(Task to carry out):
Every line of the data below must be output exactly, with images left out.

(Provided material):
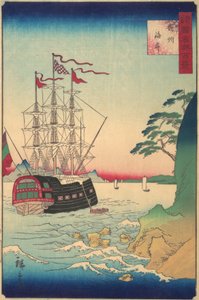 Nederlands Schip voor Anker bij de Kust van Tsushima door Utagawa Hiroshige II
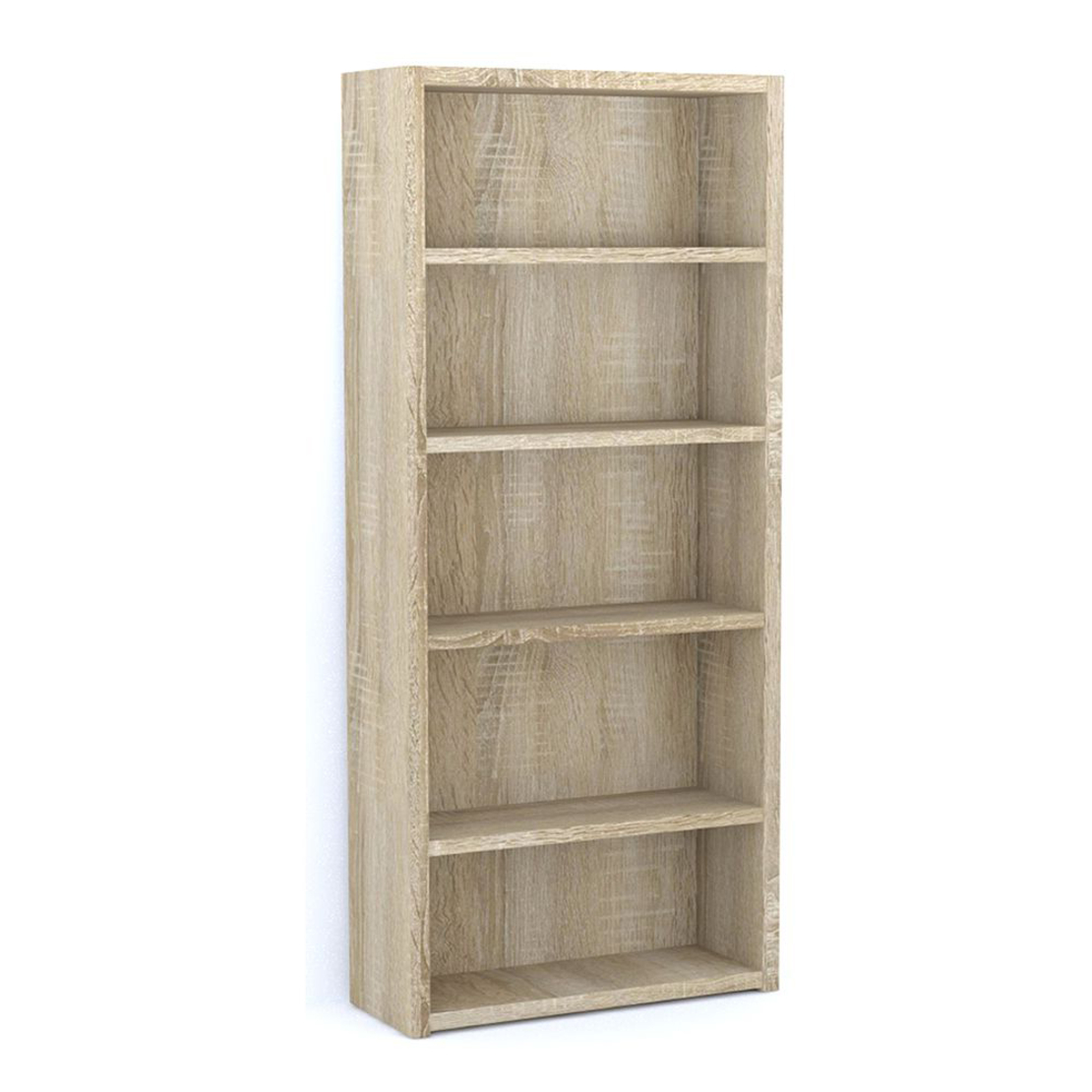 LINES BOOKCASE 4SHELVES HONEYCOMB SONOMA CHIPBOARD WITH MELAMINE CARTA 79x29xH180cm E1 PRC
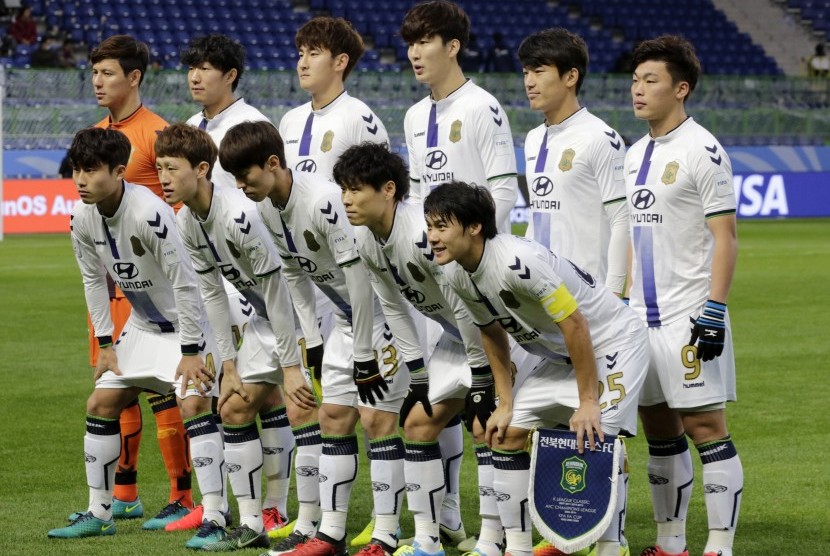 Tim Jeonbuk Hyundai Motors saat berlaga pada Piala Dunia Antarklub di Jepang pada Desember 2016.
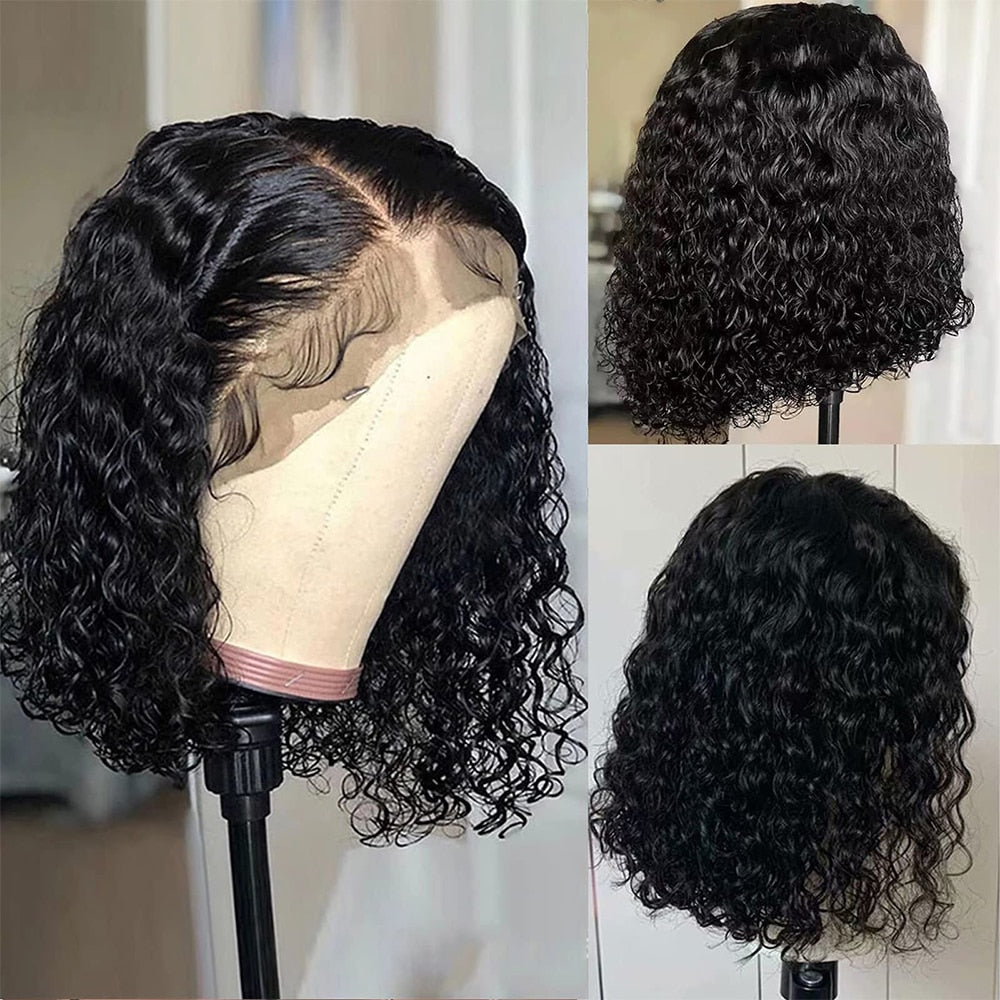 Short Curly Human Hair Bob Wig Water Lace Front Human Hair Wigs For Women Pre Plucked Peruvian Glueless 13x4 Lace Front Wig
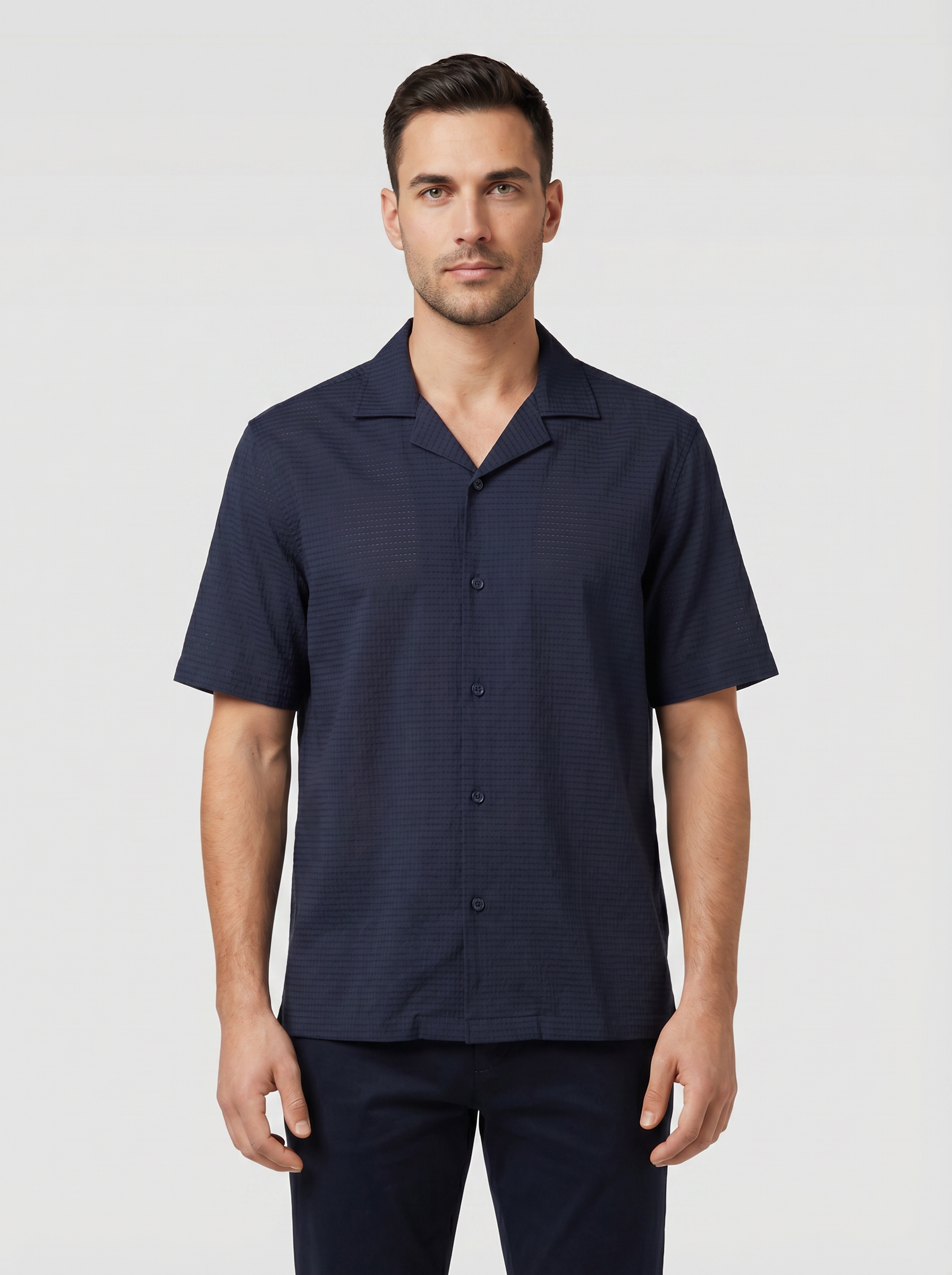 BOSS Black P-LARS-CAMP-262 Dark Blue Shirt - Model Shot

(Finished exercise):
 Nederlands Schip voor Anker bij de Kust van Tsushima door Utagawa Hiroshige II
 LINES BOOKCASE 4SHELVES HONEYCOMB SONOMA CHIPBOARD WITH MELAMINE CARTA 79x29xH180cm E1 PRC
 Tim Jeonbuk Hyundai Motors saat berlaga pada Piala Dunia Antarklub di Jepang pada Desember 2016.
 Short Curly Human Hair Bob Wig Water Lace Front Human Hair Wigs For Women Pre Plucked Peruvian Glueless 13x4 Lace Front Wig
 BOSS Black P-LARS-CAMP-262 Dark Blue Shirt - Model Shot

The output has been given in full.